Rede von Richard Pitterle,

Sehr verehrte Frau Präsidentin! Sehr verehrte Kolleginnen und Kollegen!

Weihnachten steht vor der Tür. Mit dem vorliegenden Gesetz haben Sie den Steuerpflichtigen auch ein Geschenk gemacht. Es ist schön verpackt unter dem märchenhaften Titel: „Gesetz zur Anpassung der Abgabenordnung an den Zollkodex der Union und zur Änderung weiterer steuerlicher Vorschriften“. Zu der Frage, warum Sie das nicht als Jahressteuergesetz verpacken, habe ich eine Vermutung. Aber dazu komme ich später.

Wenn man das Geschenk öffnet, stößt man erst auf positive Überraschungen – Klammer auf: hätte ich Ihnen gar nicht zugetraut; Klammer zu –: Gut ist zum Beispiel, dass Sie einen Schnellreaktionsmechanismus bei der Umsatzsteuer einführen, um künftig auch kurzfristig auf betrügerische Karussellgeschäfte und dergleichen reagieren zu können. Gut ist auch die Änderung der Definition des Begriffes „Geschäftsbeziehung“ im Außensteuergesetz. Grenzüberschreitende Gewinnverschiebungen, die zum Ziel haben, einer Besteuerung zu entgehen, können nun leichter bekämpft werden. Zudem ist es lobenswert, dass Sie ein Einsehen bei den geplanten Kriterien zur Definition einer beruflichen Erstausbildung hatten und die Mindestausbildungsdauer von 18 auf 12 Monate herabgesetzt haben, sonst wäre nämlich zum Beispiel die Ausbildung zur Krankenpflegerin oder zum Altenpfleger steuerlich nicht als Erstausbildung anerkannt worden.

(Manfred Zöllmer [SPD]: Dann könnt ihr ja zustimmen!)

Damit wäre die Freude am Geschenk auch schon vorbei. Meine Vermutung ist, dass Sie die Verpackung „Jahressteuergesetz“ nicht gewählt haben, weil Sie verschleiern wollen, dass Sie wieder einmal viele Änderungen auslassen, die ein Jahressteuergesetz eigentlich mit sich bringen sollte.

(Dr. h. c. Hans Michelbach [CDU/CSU]: Jetzt wird es aber bunt!)

Ich will Ihnen einmal drei Punkte nennen, die Sie hätten berücksichtigen müssen.

Erstens: die Bekämpfung von Steuervermeidung. Hier wurde einiges in den Beratungen zum Gesetzentwurf angesprochen, zum Beispiel die sogenannten hybriden Steuergestaltungen, bei denen grenzüberschreitend tätige Unternehmen steuerrechtliche Unterschiede zwischen einzelnen Ländern nutzen, um eine Nichtbesteuerung oder einen doppelten Betriebsausgabenabzug zu erreichen.

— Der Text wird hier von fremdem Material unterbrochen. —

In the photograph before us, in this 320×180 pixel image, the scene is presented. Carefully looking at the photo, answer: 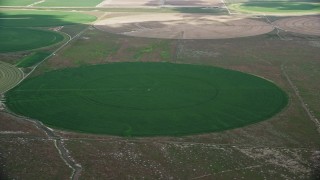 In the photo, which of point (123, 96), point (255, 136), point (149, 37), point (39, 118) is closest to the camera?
point (255, 136)

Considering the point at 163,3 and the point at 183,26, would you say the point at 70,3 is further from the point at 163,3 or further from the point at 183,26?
the point at 183,26

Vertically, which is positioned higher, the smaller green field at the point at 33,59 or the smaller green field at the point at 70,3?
the smaller green field at the point at 70,3

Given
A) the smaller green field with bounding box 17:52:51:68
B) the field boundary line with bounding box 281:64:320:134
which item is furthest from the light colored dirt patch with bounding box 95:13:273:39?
the field boundary line with bounding box 281:64:320:134

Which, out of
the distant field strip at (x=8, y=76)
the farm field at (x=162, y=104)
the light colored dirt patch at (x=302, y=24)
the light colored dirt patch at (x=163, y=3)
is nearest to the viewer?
the farm field at (x=162, y=104)

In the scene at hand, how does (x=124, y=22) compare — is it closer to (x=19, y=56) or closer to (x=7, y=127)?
(x=19, y=56)

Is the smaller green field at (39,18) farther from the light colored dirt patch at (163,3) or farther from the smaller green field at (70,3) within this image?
the light colored dirt patch at (163,3)

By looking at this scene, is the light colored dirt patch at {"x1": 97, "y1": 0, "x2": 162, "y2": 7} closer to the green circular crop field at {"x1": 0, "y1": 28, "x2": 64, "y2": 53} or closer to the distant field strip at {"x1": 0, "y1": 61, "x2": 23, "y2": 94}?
the green circular crop field at {"x1": 0, "y1": 28, "x2": 64, "y2": 53}

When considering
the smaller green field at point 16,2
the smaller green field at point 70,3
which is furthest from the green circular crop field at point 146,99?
the smaller green field at point 16,2

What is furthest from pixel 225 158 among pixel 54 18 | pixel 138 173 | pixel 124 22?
pixel 54 18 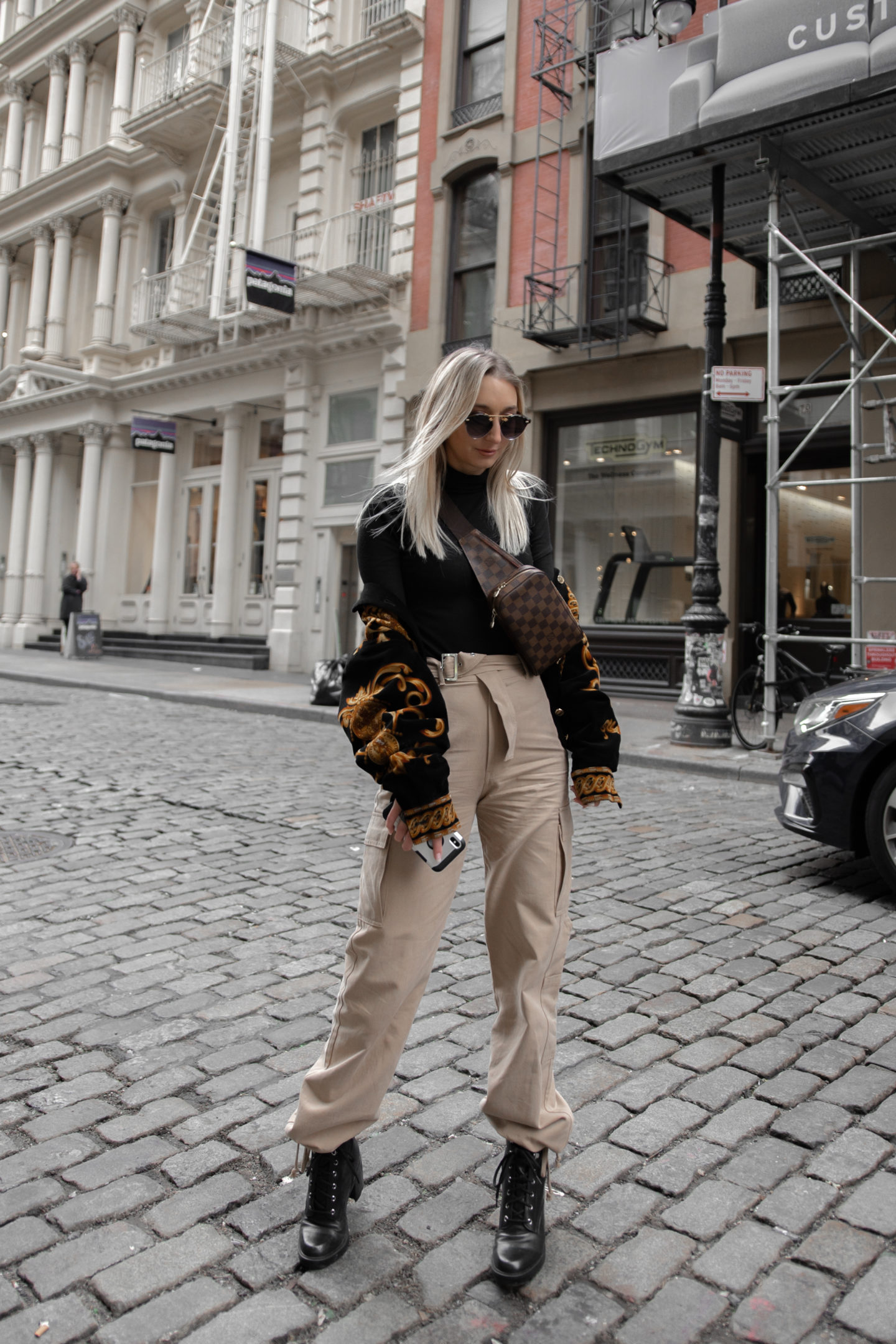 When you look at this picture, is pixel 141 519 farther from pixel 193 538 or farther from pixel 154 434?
pixel 154 434

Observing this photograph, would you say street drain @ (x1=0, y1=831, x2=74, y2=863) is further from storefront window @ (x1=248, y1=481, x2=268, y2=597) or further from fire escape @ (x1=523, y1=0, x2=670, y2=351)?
storefront window @ (x1=248, y1=481, x2=268, y2=597)

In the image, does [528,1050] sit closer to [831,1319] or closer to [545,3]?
[831,1319]

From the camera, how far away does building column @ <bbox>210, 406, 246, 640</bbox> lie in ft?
75.7

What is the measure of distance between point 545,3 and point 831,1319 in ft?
62.2

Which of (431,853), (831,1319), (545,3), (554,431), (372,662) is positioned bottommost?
(831,1319)

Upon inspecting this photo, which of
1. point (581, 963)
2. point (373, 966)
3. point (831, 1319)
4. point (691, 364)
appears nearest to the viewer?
point (831, 1319)

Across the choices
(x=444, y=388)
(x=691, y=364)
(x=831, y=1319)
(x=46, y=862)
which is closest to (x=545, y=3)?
(x=691, y=364)

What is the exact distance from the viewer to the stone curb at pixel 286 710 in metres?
9.59

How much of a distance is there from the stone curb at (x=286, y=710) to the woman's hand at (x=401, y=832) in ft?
21.7

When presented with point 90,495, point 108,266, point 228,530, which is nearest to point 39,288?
point 108,266

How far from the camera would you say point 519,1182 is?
2.27 metres

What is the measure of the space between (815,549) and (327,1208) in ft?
45.2

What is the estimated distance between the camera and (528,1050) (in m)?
2.28

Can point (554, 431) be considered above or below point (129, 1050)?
above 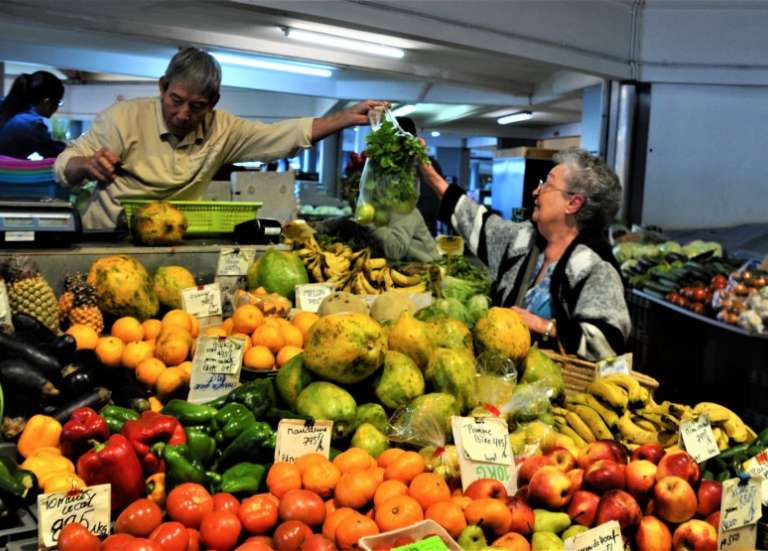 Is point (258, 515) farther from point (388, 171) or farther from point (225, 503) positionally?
point (388, 171)

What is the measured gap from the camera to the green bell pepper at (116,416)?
181 centimetres

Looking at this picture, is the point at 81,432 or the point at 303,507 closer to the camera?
the point at 303,507

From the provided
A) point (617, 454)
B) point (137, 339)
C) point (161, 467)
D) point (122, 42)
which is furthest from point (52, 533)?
point (122, 42)

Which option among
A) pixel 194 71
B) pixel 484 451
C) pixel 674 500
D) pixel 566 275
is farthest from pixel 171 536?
pixel 194 71

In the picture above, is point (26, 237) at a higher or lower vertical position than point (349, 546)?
higher

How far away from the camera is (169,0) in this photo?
5.99 m

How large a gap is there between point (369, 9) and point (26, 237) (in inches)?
139

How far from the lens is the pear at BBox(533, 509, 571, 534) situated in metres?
1.60

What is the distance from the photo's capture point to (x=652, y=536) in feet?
5.30

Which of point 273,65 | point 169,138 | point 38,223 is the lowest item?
point 38,223

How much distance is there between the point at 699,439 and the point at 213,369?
1.34 meters

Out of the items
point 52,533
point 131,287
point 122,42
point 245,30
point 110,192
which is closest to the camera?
point 52,533

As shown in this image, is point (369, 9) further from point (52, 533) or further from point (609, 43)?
point (52, 533)

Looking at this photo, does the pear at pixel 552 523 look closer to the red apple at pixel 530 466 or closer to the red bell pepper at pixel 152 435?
the red apple at pixel 530 466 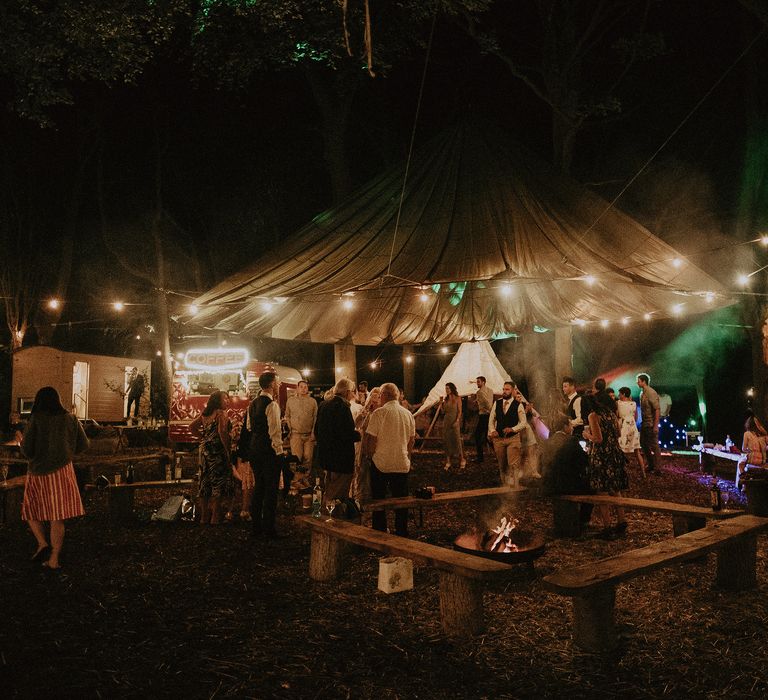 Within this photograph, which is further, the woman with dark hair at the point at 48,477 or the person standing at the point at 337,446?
the person standing at the point at 337,446

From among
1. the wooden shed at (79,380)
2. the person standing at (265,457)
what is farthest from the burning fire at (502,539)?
the wooden shed at (79,380)

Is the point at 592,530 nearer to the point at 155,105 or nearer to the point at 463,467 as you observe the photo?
the point at 463,467

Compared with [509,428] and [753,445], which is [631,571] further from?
[753,445]

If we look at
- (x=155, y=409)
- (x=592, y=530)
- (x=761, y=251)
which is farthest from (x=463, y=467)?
(x=155, y=409)

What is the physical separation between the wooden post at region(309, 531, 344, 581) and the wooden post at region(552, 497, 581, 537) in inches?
101

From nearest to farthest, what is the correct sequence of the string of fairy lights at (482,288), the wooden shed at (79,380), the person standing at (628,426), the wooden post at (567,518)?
the wooden post at (567,518) < the string of fairy lights at (482,288) < the person standing at (628,426) < the wooden shed at (79,380)

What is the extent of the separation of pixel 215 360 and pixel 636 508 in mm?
12323

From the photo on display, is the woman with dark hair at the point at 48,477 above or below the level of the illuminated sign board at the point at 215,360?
below

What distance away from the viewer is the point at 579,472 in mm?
6574

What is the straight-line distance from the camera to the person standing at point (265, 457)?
632 cm

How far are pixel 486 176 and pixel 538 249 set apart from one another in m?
1.48

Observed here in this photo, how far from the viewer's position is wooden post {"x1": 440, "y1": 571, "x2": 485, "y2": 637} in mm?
3863

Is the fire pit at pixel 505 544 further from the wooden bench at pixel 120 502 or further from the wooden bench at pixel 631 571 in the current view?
the wooden bench at pixel 120 502

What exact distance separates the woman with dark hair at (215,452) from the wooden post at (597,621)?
174 inches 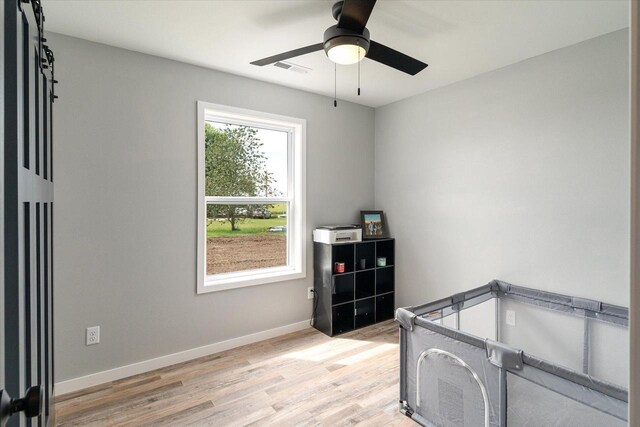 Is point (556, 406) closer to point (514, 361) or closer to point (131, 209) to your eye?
point (514, 361)

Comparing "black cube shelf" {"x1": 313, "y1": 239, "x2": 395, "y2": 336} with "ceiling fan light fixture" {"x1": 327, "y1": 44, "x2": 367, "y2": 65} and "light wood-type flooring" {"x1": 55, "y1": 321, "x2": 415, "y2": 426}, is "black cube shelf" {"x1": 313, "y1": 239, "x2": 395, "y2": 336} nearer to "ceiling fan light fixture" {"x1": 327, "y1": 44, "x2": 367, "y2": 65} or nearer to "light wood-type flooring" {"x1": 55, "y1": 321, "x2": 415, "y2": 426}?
"light wood-type flooring" {"x1": 55, "y1": 321, "x2": 415, "y2": 426}

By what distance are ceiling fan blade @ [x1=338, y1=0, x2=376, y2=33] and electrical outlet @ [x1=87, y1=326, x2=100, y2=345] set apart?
2622 millimetres

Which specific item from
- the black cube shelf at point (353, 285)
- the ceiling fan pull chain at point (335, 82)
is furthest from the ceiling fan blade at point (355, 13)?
the black cube shelf at point (353, 285)

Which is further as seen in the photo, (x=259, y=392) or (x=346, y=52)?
(x=259, y=392)

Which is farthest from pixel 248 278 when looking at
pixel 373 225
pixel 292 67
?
pixel 292 67

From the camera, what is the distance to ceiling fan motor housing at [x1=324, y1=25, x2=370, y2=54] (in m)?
1.72

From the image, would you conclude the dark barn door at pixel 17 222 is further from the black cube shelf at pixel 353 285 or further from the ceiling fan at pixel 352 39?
the black cube shelf at pixel 353 285

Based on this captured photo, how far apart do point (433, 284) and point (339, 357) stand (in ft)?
4.17

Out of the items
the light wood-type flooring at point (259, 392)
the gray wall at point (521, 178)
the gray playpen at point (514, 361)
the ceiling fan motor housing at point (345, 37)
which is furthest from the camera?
the gray wall at point (521, 178)

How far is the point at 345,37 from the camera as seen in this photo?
67.7 inches

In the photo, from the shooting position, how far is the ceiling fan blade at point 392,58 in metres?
1.86

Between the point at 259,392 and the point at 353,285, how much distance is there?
1.52 meters

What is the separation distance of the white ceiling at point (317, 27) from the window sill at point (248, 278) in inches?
74.8

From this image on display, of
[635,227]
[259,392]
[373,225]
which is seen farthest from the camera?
[373,225] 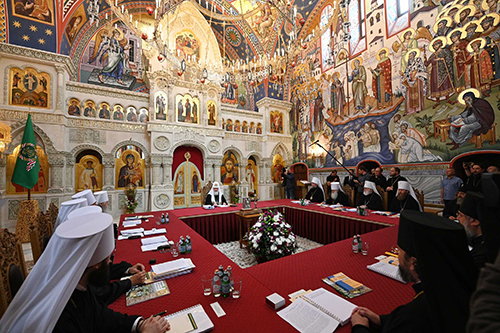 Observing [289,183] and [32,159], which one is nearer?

Oder nehmen wir die Steuerfreistellung von Veräußerungsgewinnen aus Streubesitzbeteiligungen nach dem Körperschaftsteuergesetz. Hier eröffnet die unterschiedliche Besteuerung von Dividendenerträgen auf der einen und Veräußerungsgewinnen auf der anderen Seite steuerlichen Gestaltungsspielraum. Klingt alles kompliziert, ist aber im Ergebnis immer denkbar einfach: Große Unternehmen nutzen Schlupflöcher und Gestaltungsmöglichkeiten, um kräftig Steuern zu sparen, während die vielen ehrlichen Steuerzahlerinnen und Steuerzahler, wie die Versicherungsangestellte oder der Bäckermeister von nebenan, sich fragen, in welche Taschen die teils riesigen Gewinne der Unternehmen eigentlich wandern. Sie, meine Damen und Herren von der Bundesregierung, sehen dabei einfach zu, und das lassen wir Ihnen so nicht durchgehen.

(Beifall bei der LINKEN)

Auch der Bundesrat hat in seiner Stellungnahme dazu geraten, diese Schlupflöcher mit dem vorliegenden Entwurf zu schließen. Von dringendem gesetzgeberischen Handlungsbedarf zur Vermeidung von Steuerausfällen war die Rede. Doch was machen Sie, meine Damen und Herren von der Regierungskoalition? Nichts. Und das ist schlecht.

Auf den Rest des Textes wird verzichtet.